Ten years later she was appearing in a Boston night club and invited me in.
“Come on,” she said as I arrived, “you’re not a cub reporter anymore.” And, with that, she took me by the hand to a corner where we were alone.
“Boy,” I said to myself, “I must have really impressed her that day at the stadium in 1942.”
“Tell me,” she said, as we sat down, “how’s that cute mayor back in Quincy?”
He was the one that had impressed her. When I told Tom that story afterwards he laughed. And as he lay in bed at the Rice Eventide Home last month, he laughed again and fondly recalled Dorothy Lamour. Then he suddenly turned serious.
One of his biggest disappointments in his life, he confided, was that because of his illness he was unable to attend the opening last November of the extension of the Hon. Thomas S. Burgin Parkway named after him.
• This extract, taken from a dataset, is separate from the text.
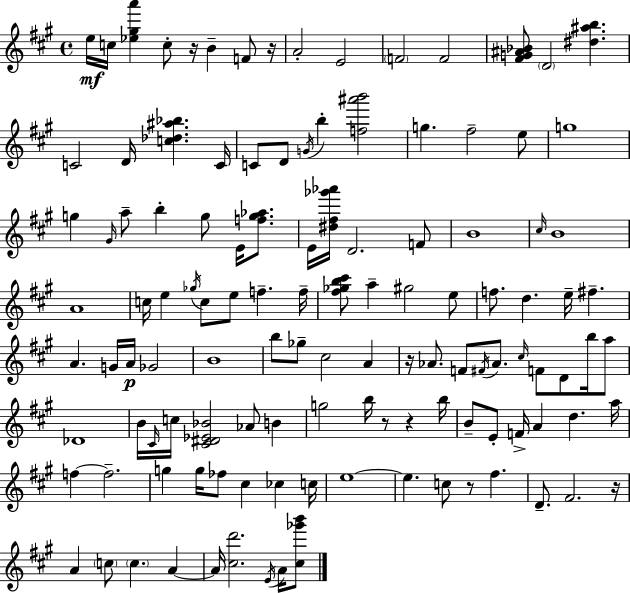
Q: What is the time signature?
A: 4/4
“I hope,” he said, “people don’t think I could have gone and did not.”
We assured him everyone understood.
“I’ve had a good life,” he said. “It has been challenging, but a good life. I want to be remembered for having tried.”
Well, he certainly tried.
He was trying hard that very moment against the inevitable. The odds were stacked against him but he wasn’t going to give up. And he didn’t to the very end last Friday night. He was 83.
He was called the “boy mayor” in 1935 when he was elected Quincy’s chief executive in a special election at age 33 and years later became “Quincy’s elder statesman.”
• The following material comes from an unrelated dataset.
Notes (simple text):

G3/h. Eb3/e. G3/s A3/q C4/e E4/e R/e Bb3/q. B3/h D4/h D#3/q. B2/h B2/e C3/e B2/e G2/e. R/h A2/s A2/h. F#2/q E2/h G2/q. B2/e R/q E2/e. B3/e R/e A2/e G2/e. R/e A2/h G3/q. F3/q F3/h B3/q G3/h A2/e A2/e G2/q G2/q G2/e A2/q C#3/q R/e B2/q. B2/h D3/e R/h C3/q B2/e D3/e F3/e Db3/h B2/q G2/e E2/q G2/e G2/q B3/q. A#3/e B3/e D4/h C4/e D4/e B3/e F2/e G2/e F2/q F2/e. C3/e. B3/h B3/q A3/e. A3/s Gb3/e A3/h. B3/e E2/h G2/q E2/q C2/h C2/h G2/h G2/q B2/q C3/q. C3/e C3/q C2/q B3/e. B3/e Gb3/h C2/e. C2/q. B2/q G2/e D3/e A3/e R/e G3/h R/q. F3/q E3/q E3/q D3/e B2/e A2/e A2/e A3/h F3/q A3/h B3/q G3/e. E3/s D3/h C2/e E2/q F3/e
He served nearly eight years under Plan A until he resigned in 1942 to enter the Navy as a lieutenant during World War II.
His tenure spanned difficult years and awesome events: the Great Depression, the Hurricane of 1938 and the attack on Pearl Harbor which plunged the nation into war and made Quincy with its strategic Fore River shipyard, a threatened target.
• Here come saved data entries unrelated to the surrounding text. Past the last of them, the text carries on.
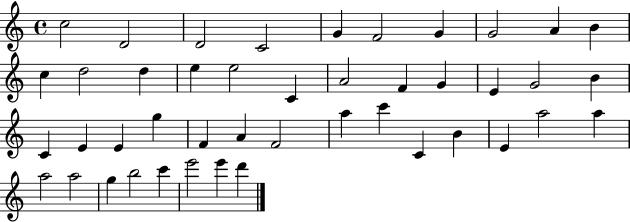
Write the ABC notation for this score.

X:1
T:Untitled
M:4/4
L:1/4
K:C
c2 D2 D2 C2 G F2 G G2 A B c d2 d e e2 C A2 F G E G2 B C E E g F A F2 a c' C B E a2 a a2 a2 g b2 c' e'2 e' d'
On his 82nd birthday in April, 1984 I had the opportunity to reminisce with him in an off-the-cuff interview for Sun Ch. 8.
We covered a wide range of subjects and this is how Tom Burgin remembered them from the period of “boy mayor” to elder statesman:
THE DEPRESSION: Some 10,000 people in Quincy were of relief rolls and another 1,800 on federal WPA and PWA projects. “It was pathetic and I will never forget it.”
CALVIN COOLIDGE’s visit to Quincy before Tom was mayor but a member of the reception committee. After touring First Parish Church, Coolidge was asked what he thought of it. Always a man of few words, he replied: “It’s lovely.” (Period).
FRANKLIN D. ROOSEVELT’S visit to Quincy in 1936 when he was campaigning for re-election against Alfred Landon. Tom’s daughter, Claire, then six, held a big bouquet of roses to present to Mrs. Roosevelt on behalf of the city. Just before the Roosevelts arrived, her father noticed she had a Landon button pinned to her dress.
“You can’t wear that, dear,” he told her.
“Why can’t I wear it?” she wanted to know. “I’m for Landon.”
“So am I,” her father, a Republican said. “But he is running against the President of the United States — the man you are going to greet and it wouldn’t be nice for you to wear that button.”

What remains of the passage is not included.